Angry but stupid people called it "karma" when Mary Ann White -- who was in her late thirties (a period of high risk for birth defects) -- gave birth to the Downs-Syndrome afflicted Rory, the product of a conjugal visit with her husband. The universe is neither so callous nor so kind. The White's next child, Laura, was conceived during Dan's yearlong parole in Los Angeles. She showed no supposed marks of wrath from the universe.

Better observers, among them close friends of Harvey Milk, were kinder towards Mary Ann White. Milk's lover, Scott Smith, was not surprised by White's suicide. Cleve Jones, a former Milk aide, sighed and said: "The lesson is that bigotry kills people. Bigotry killed George Moscone and Harvey Milk. It has taken Dan White's life, and, sadly enough, it probably will destroy the lives of his wife and their children."¹

After White killed himself, there some asked where he could be buried. A spokesman for the Archdiocese of San Francisco noted that the Church had, in the post-Vatican II era, given up the practice of refusing to bury suicides in consecrated ground. "Today," he went on to say, "it is the Church's feeling that a person must be crazy to commit suicide. And we place the insane in the hands of God for his mercy and his judgement."²

White's family chose not to have him buried at Holy Cross where Moscone was laid to rest seven years before. They chose, instead, another cemetery located two miles south of Colma. The Veterans Administration, like the Catholic Church, did not judge a man for what he had done in his life -- as long as he had an honorable discharge. White was buried in the Golden Gate National Cemetery, an endless phalanx of identical, bowed-top white stones set upon acres and acres of green grass. Among these monuments, Dan's grave would be hard for vandals to find. The Veteran's Administration agreed not to give out his grave's location. And, in the company of his father Charlie, Admiral Chester Nimitz, and thousands of other men who had served in America's wars, Dan would be seen as a hero for something he had done in his life, before he wreaked his unheroic vengeance on George Moscone and Harvey Milk.

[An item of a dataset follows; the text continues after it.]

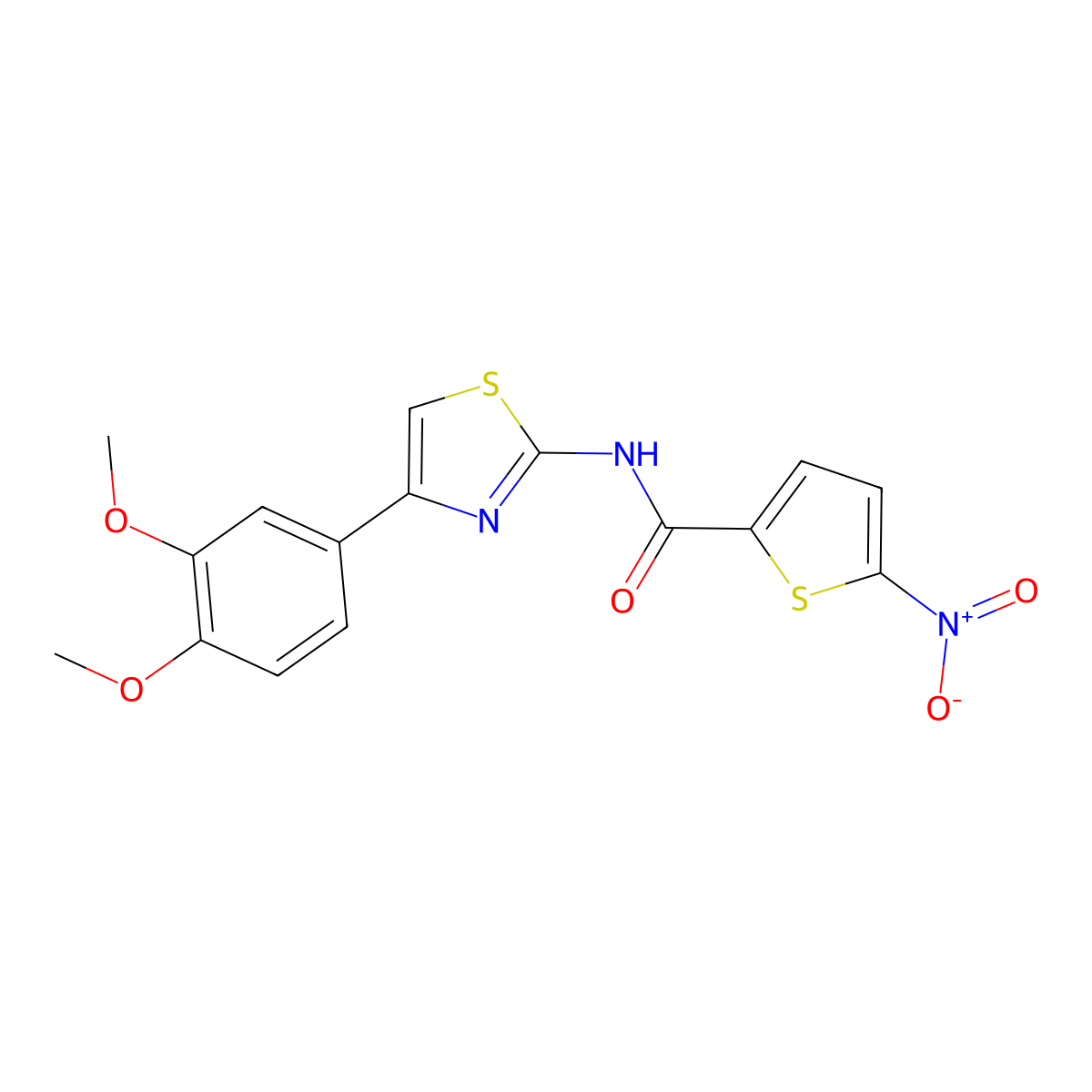 N-[4-(3,4-dimethoxyphenyl)-1,3-thiazol-2-yl]-5-nitrothiophene-2-carboxamide molecular structure, CAS 325987-44-8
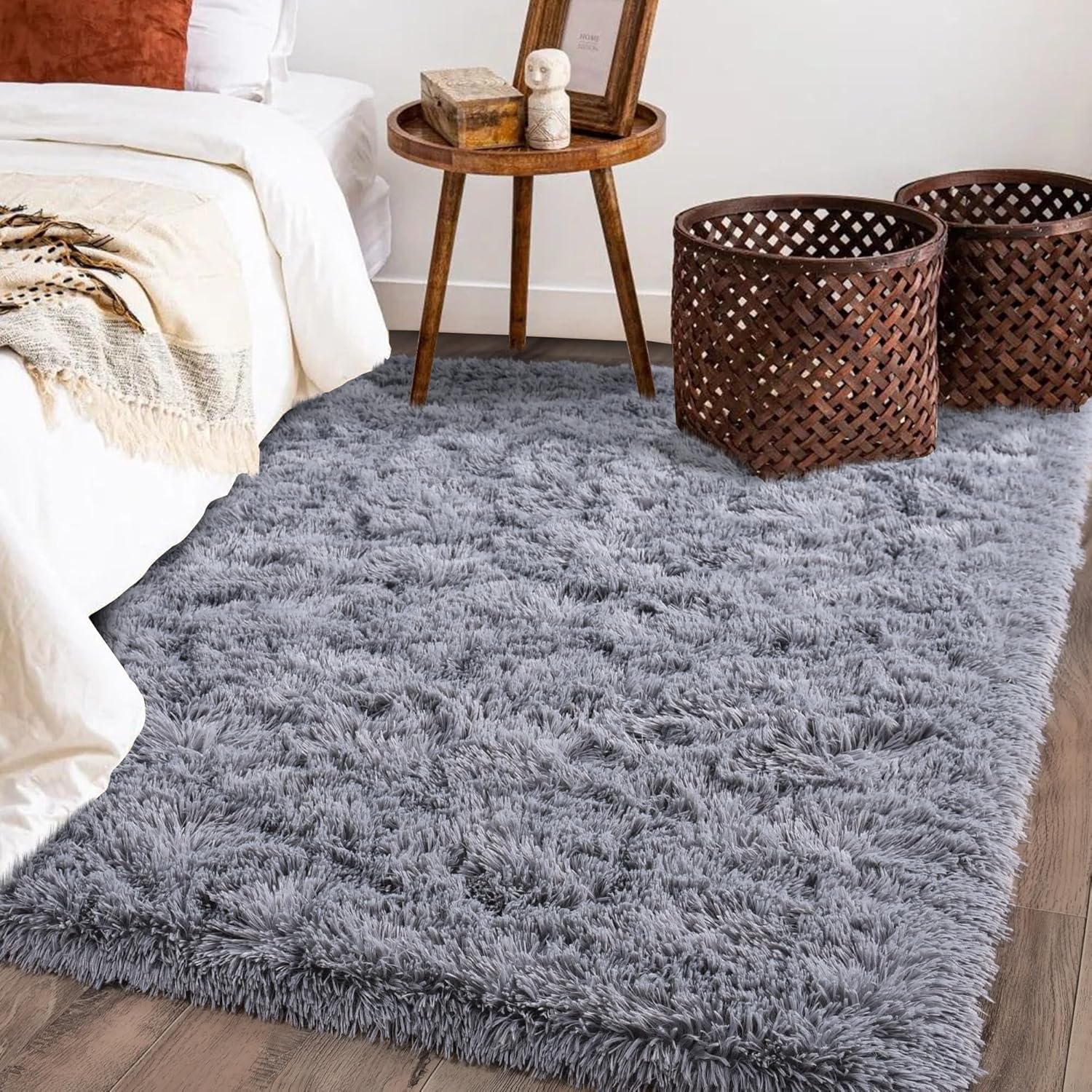 4x6ft Soft Fluffy Area Rug, Non-Slip Shaggy Carpet for Bedroom Living Room, Cozy Plush Floor Rug for Home Decor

In his book Left Coast City, Richard Edward DeLeon gives a fair assessment of Moscone's legacy:

Moscone....aspired to be the city's first progressive mayor, not merely a liberal mayor in the mold of Alioto. He widened the doors of City Hall to let more people in--perhaps too many for his own political good. His appointments pierced established bureaucracies and transfused new blood and progressive ideas into city government. Within his limited powers and against great obstacles, he challenged the conservative establishment and the downtown business elite. At the very least he made progressive government thinkable. If he was weak, it might be only because he decided to swim upstream rather than downstream in the treacherous currents of San Francisco politics.¹¹

George Moscone had never been a rich man. When he died, the man reputed by his enemies to be the kingpin of the City's cocaine trade had fifteen cents in his pocket and $3,955 in his bank account.³ He was worth more to Gina in death than in life, though undoubtably she would have turned down the $900,000 in benefits awarded her by the Board of Supervisors if George could have been somehow resurrected. She loved her husband.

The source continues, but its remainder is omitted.